Maintenance philosophies batteries.

 

Maintenance philosophies batteries.  

 

There are different philosophies and ambition levels for maintaining and testing batteries. Some examples:

1.      Just replace batteries when they fail or die. Minimum or no maintenance and testing. Obviously, not testing batteries at all is the least costly with considering only maintenance costs but the risks are great. The consequences must be considered when evaluating the cost-risk analysis since the risks are associated with the equipment being supported. Batteries have a limited lifetime and they can fail earlier than expected. Time between outages is usually long and if outages are the only occasions the battery shows its capability risk is high that reduced or no back-up is available when needed. Having batteries as back-up of important installations without any idea of their current health spoils the whole idea of a reliable system.

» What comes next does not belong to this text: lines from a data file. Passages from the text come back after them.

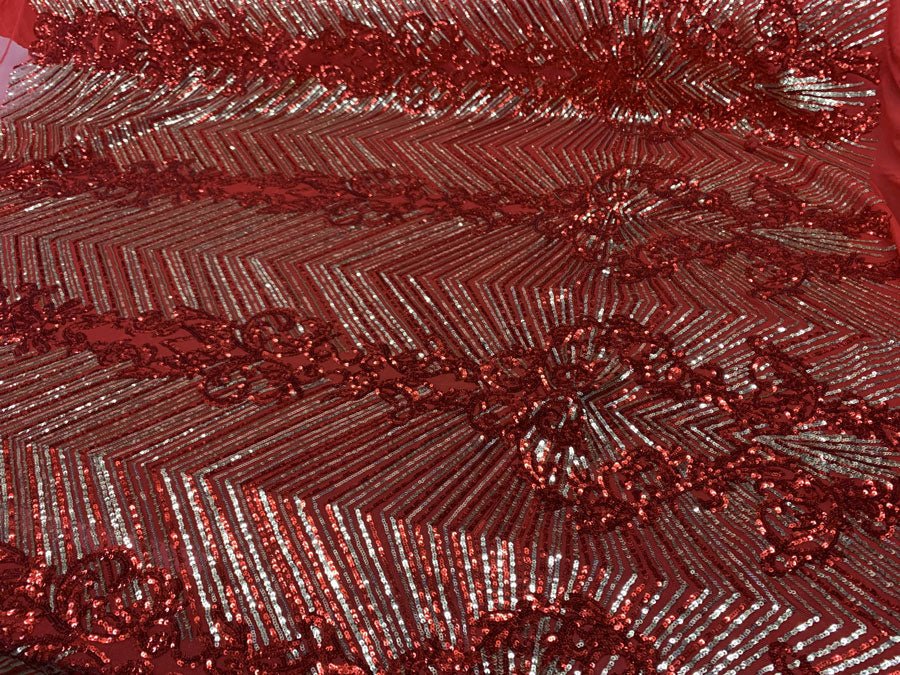 Nadia 4 Way Stretch Sequin Spandex Embroidered Fabric Sold By The YardICE FABRICSICE FABRICSRed Gold On Red Mesh1 YardNadia 4 Way Stretch Sequin Spandex Embroidered Fabric Sold By The Yard ICE FABRICS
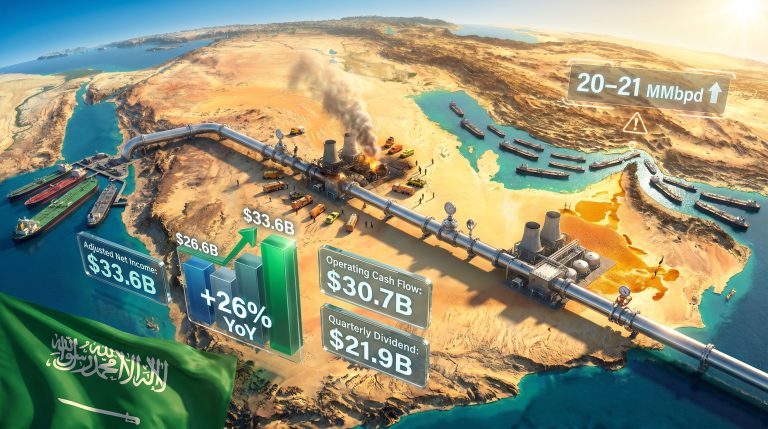 Aramco East-West Pipeline and Strait of Hormuz disruption map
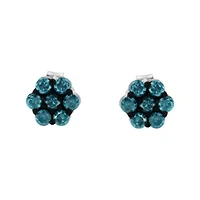 Sterling Silver Blue Diamond Floral Stud Earrings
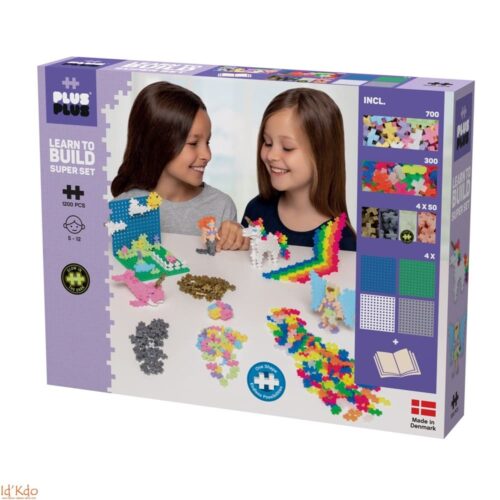 Kit d&eacute;couverte m&eacute;ga 1200 pi&egrave;ces pastel - PLUS PLUS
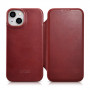 iCarer CE Oil Wax Premium Leather Folio Case magnetické knižkové puzdro pre iPhone 14 Plus, MagSafe, červené (AKI14220707-RD)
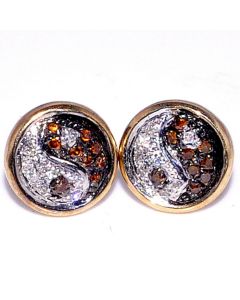 Yin Yang Earrings Cognac and White Diamonds 10K Yellow Gold 0.13ct Screw Back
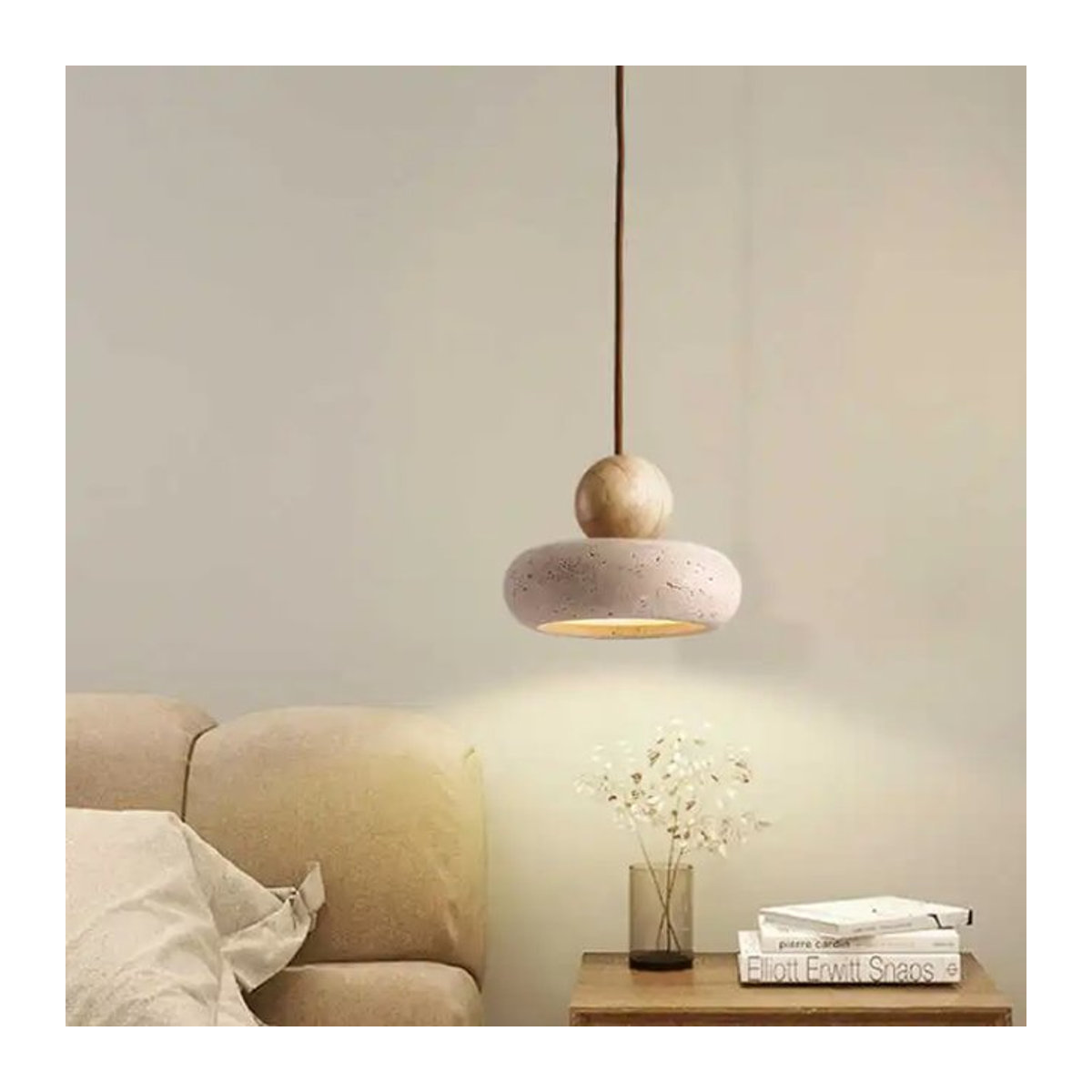 Pumous Vintage-Pendelleuchte aus natürlichem gelbem Achatstein in Beige im Retro-Design - Bild 1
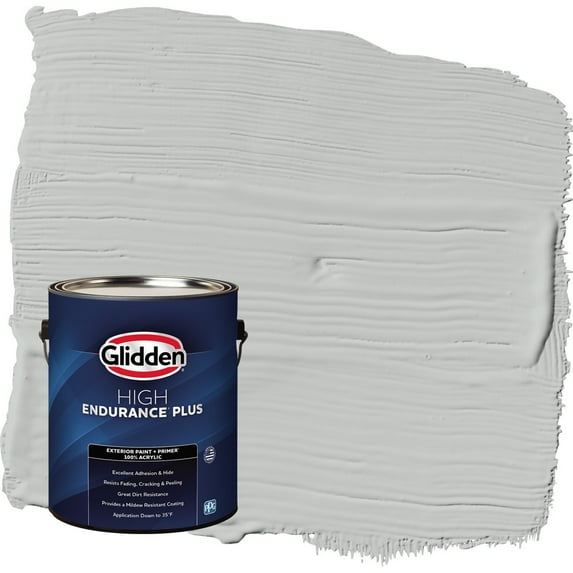 Glidden HEP Solitary State / Gray Flat Exterior Paint with Primer, 1 Gallon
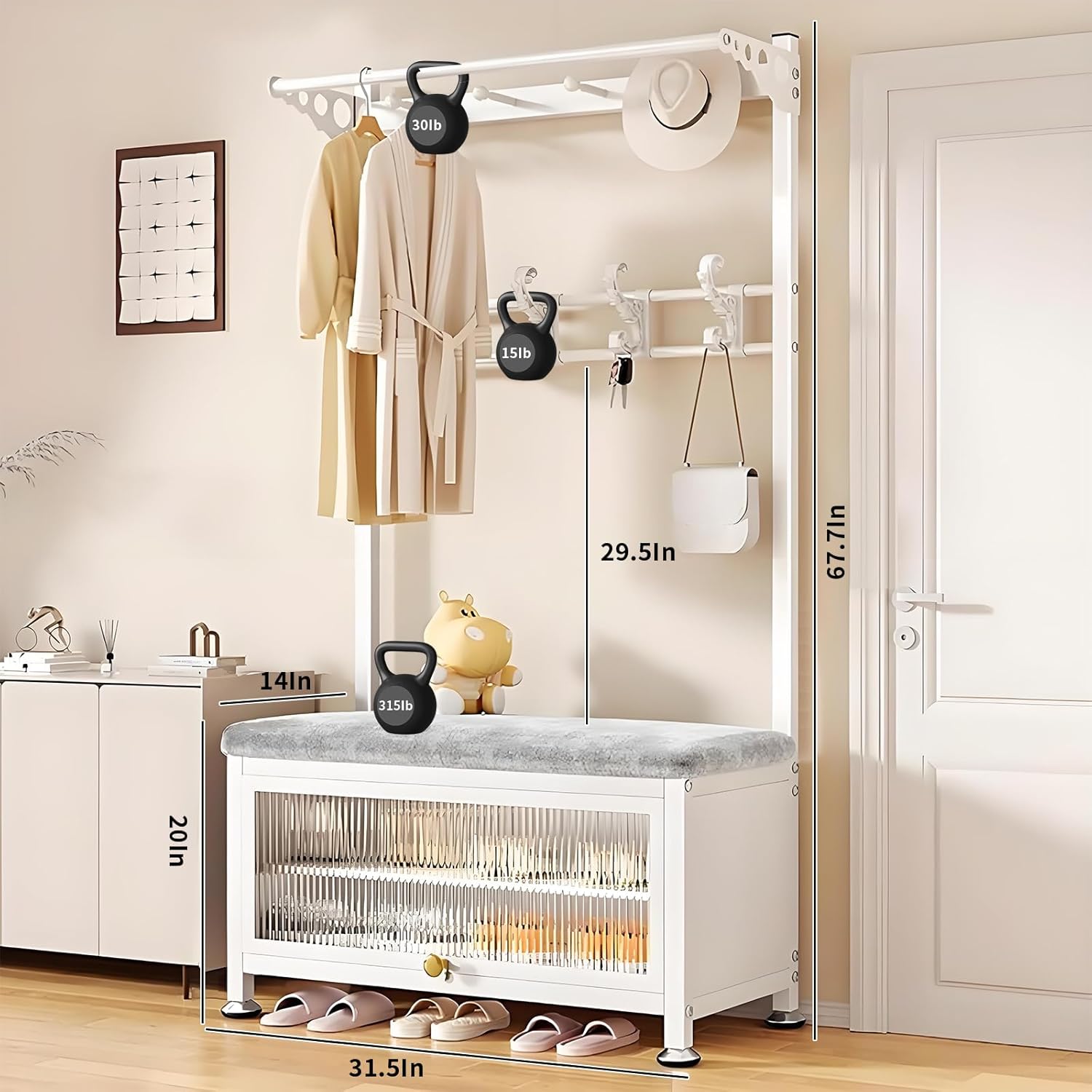 hall tree with bench and shoe storage sturdy metal entryway organizer with hooks & shelves freestanding coat rack with shoe bench for hallway bedroom living room white 31.5×14.2×67.7 in white 31.5 in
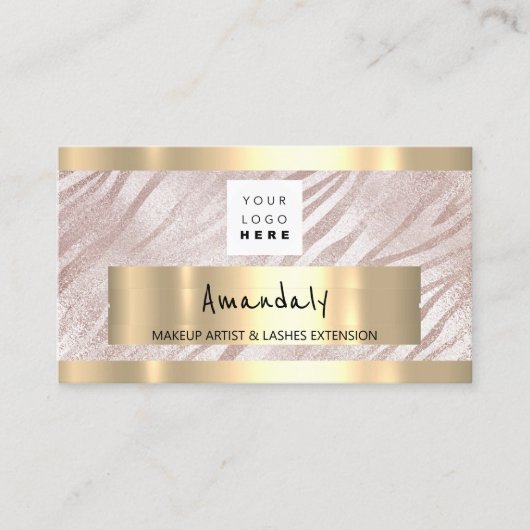 Winkelen QR CODE Logo Mettalollightroze Visitekaartje (Voorkant)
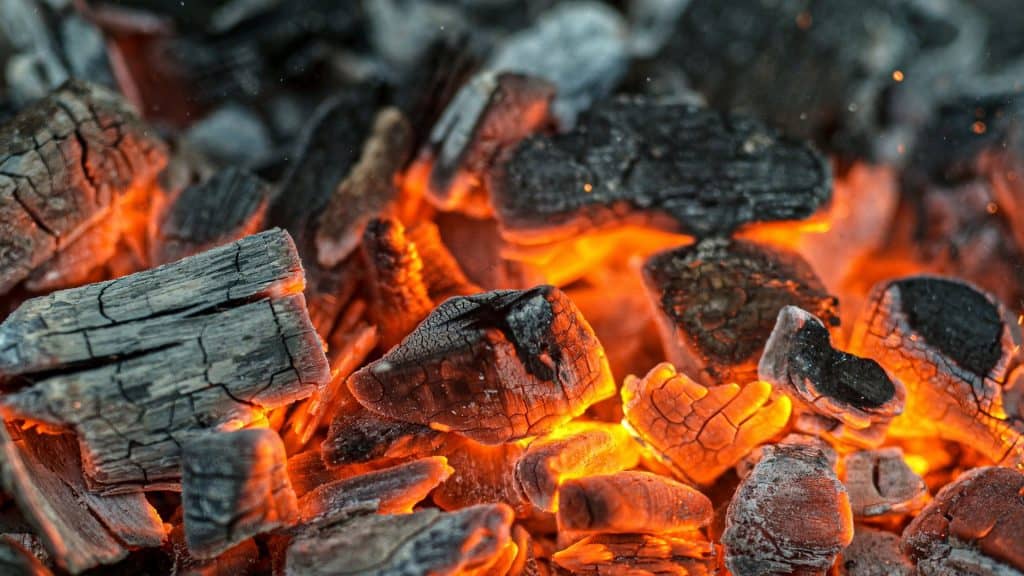 Burning and glowing charcoal ready to grill or smoke 
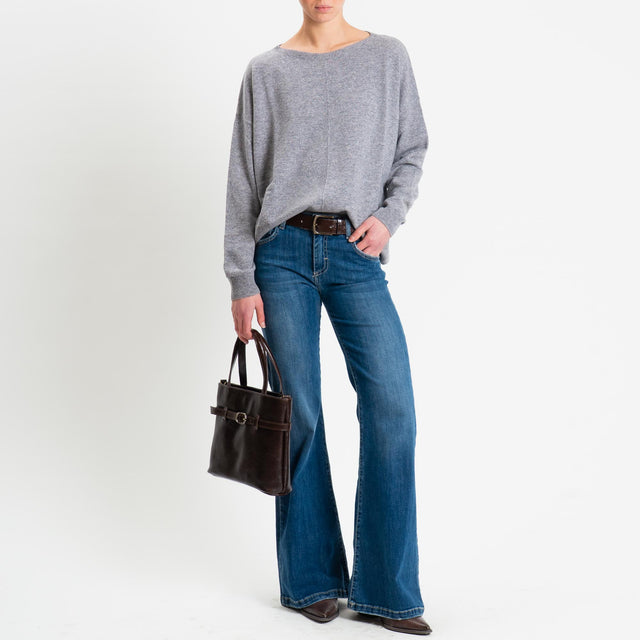 Tensione in-Maglia 100% LANA riga centrale spacchi laterali - grigio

2.      Replace after a certain time. Minimum or no maintenance and testing. This might also be a risky approach. Batteries can fail earlier than expected. Also it is waste of capital if the batteries are replaced earlier than needed. Properly maintained batteries can live longer than the predetermined replacement time.

3.      A serious maintenance and testing program in order to ensure the batteries are in good condition, prolong their life and to find the optimal time for replacement . A maintenance program including inspection, impedance and capacity testing is the way to track the battery’s state of health. Degradation and faults will be found before they become serious and surprises can be avoided. Maintenance costs are higher but this is what you have to pay for to get the reliability you want for your back-up system.

The best testing scheme is the balance between maintenance costs and risks of losing the battery and the supported equipment. For example, in some transmission substations, there is upwards of $10 million per hour flowing through them. What is the cost of not maintaining battery systems in those substations? A $3000 battery is fairly insignificant compared to the millions of dollars in lost revenues. Each company is different and must individually weigh the cost risk of battery maintenance.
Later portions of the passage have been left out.